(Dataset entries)
..........

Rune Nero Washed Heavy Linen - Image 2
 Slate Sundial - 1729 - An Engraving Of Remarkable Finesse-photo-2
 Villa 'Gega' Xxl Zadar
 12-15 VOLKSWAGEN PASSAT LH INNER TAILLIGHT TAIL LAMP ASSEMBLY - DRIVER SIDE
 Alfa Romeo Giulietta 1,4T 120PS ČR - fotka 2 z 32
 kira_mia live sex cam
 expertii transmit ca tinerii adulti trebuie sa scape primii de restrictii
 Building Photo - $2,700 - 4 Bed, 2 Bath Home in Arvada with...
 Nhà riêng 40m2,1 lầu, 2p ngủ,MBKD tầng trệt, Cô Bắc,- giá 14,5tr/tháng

..........

Task objective
Once you have read the data above, print all of it again exactly.

Answer to the problem
Rune Nero Washed Heavy Linen - Image 2
 Slate Sundial - 1729 - An Engraving Of Remarkable Finesse-photo-2
 Villa 'Gega' Xxl Zadar
 12-15 VOLKSWAGEN PASSAT LH INNER TAILLIGHT TAIL LAMP ASSEMBLY - DRIVER SIDE
 Alfa Romeo Giulietta 1,4T 120PS ČR - fotka 2 z 32
 kira_mia live sex cam
 expertii transmit ca tinerii adulti trebuie sa scape primii de restrictii
 Building Photo - $2,700 - 4 Bed, 2 Bath Home in Arvada with...
 Nhà riêng 40m2,1 lầu, 2p ngủ,MBKD tầng trệt, Cô Bắc,- giá 14,5tr/tháng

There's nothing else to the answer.